What you produce should match the records exactly, line for line.

START Records for the exercise

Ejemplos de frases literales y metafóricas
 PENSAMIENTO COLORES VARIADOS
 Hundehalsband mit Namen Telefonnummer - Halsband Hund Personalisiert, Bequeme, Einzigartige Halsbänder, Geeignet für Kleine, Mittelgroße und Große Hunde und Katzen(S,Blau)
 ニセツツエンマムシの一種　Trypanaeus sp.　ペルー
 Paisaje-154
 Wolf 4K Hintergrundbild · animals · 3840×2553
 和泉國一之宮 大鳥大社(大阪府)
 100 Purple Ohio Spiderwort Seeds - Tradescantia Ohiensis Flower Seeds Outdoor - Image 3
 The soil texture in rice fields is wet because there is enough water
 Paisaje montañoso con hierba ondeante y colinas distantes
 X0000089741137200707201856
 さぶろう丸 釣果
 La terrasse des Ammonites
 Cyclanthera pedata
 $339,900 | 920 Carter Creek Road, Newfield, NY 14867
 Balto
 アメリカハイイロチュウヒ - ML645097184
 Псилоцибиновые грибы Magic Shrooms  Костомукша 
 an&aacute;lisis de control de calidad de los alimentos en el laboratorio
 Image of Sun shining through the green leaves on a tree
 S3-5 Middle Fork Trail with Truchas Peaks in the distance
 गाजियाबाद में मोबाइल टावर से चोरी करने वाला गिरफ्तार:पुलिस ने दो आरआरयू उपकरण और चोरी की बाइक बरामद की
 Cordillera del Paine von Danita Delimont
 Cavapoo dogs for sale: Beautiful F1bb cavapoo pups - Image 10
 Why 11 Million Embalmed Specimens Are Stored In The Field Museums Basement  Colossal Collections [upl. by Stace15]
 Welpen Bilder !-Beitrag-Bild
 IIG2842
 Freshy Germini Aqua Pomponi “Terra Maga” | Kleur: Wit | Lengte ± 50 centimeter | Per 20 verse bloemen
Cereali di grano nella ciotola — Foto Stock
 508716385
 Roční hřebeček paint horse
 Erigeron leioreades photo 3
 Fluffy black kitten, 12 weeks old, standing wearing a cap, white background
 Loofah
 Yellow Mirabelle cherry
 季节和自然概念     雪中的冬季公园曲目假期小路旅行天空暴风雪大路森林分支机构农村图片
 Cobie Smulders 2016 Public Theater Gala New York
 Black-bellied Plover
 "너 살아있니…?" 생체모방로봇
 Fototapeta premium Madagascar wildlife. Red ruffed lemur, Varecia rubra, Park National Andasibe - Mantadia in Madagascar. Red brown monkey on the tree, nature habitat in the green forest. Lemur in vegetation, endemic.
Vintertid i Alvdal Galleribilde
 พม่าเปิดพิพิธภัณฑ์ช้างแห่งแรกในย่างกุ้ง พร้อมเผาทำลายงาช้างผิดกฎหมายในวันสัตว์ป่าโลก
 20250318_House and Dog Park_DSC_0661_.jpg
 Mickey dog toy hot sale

END Records for the exercise

• [Problem solution]:
Ejemplos de frases literales y metafóricas
 PENSAMIENTO COLORES VARIADOS
 Hundehalsband mit Namen Telefonnummer - Halsband Hund Personalisiert, Bequeme, Einzigartige Halsbänder, Geeignet für Kleine, Mittelgroße und Große Hunde und Katzen(S,Blau)
 ニセツツエンマムシの一種　Trypanaeus sp.　ペルー
 Paisaje-154
 Wolf 4K Hintergrundbild · animals · 3840×2553
 和泉國一之宮 大鳥大社(大阪府)
 100 Purple Ohio Spiderwort Seeds - Tradescantia Ohiensis Flower Seeds Outdoor - Image 3
 The soil texture in rice fields is wet because there is enough water
 Paisaje montañoso con hierba ondeante y colinas distantes
 X0000089741137200707201856
 さぶろう丸 釣果
 La terrasse des Ammonites
 Cyclanthera pedata
 $339,900 | 920 Carter Creek Road, Newfield, NY 14867
 Balto
 アメリカハイイロチュウヒ - ML645097184
 Псилоцибиновые грибы Magic Shrooms  Костомукша 
 an&aacute;lisis de control de calidad de los alimentos en el laboratorio
 Image of Sun shining through the green leaves on a tree
 S3-5 Middle Fork Trail with Truchas Peaks in the distance
 गाजियाबाद में मोबाइल टावर से चोरी करने वाला गिरफ्तार:पुलिस ने दो आरआरयू उपकरण और चोरी की बाइक बरामद की
 Cordillera del Paine von Danita Delimont
 Cavapoo dogs for sale: Beautiful F1bb cavapoo pups - Image 10
 Why 11 Million Embalmed Specimens Are Stored In The Field Museums Basement  Colossal Collections [upl. by Stace15]
 Welpen Bilder !-Beitrag-Bild
 IIG2842
 Freshy Germini Aqua Pomponi “Terra Maga” | Kleur: Wit | Lengte ± 50 centimeter | Per 20 verse bloemen
Cereali di grano nella ciotola — Foto Stock
 508716385
 Roční hřebeček paint horse
 Erigeron leioreades photo 3
 Fluffy black kitten, 12 weeks old, standing wearing a cap, white background
 Loofah
 Yellow Mirabelle cherry
 季节和自然概念     雪中的冬季公园曲目假期小路旅行天空暴风雪大路森林分支机构农村图片
 Cobie Smulders 2016 Public Theater Gala New York
 Black-bellied Plover
 "너 살아있니…?" 생체모방로봇
 Fototapeta premium Madagascar wildlife. Red ruffed lemur, Varecia rubra, Park National Andasibe - Mantadia in Madagascar. Red brown monkey on the tree, nature habitat in the green forest. Lemur in vegetation, endemic.
Vintertid i Alvdal Galleribilde
 พม่าเปิดพิพิธภัณฑ์ช้างแห่งแรกในย่างกุ้ง พร้อมเผาทำลายงาช้างผิดกฎหมายในวันสัตว์ป่าโลก
 20250318_House and Dog Park_DSC_0661_.jpg
 Mickey dog toy hot sale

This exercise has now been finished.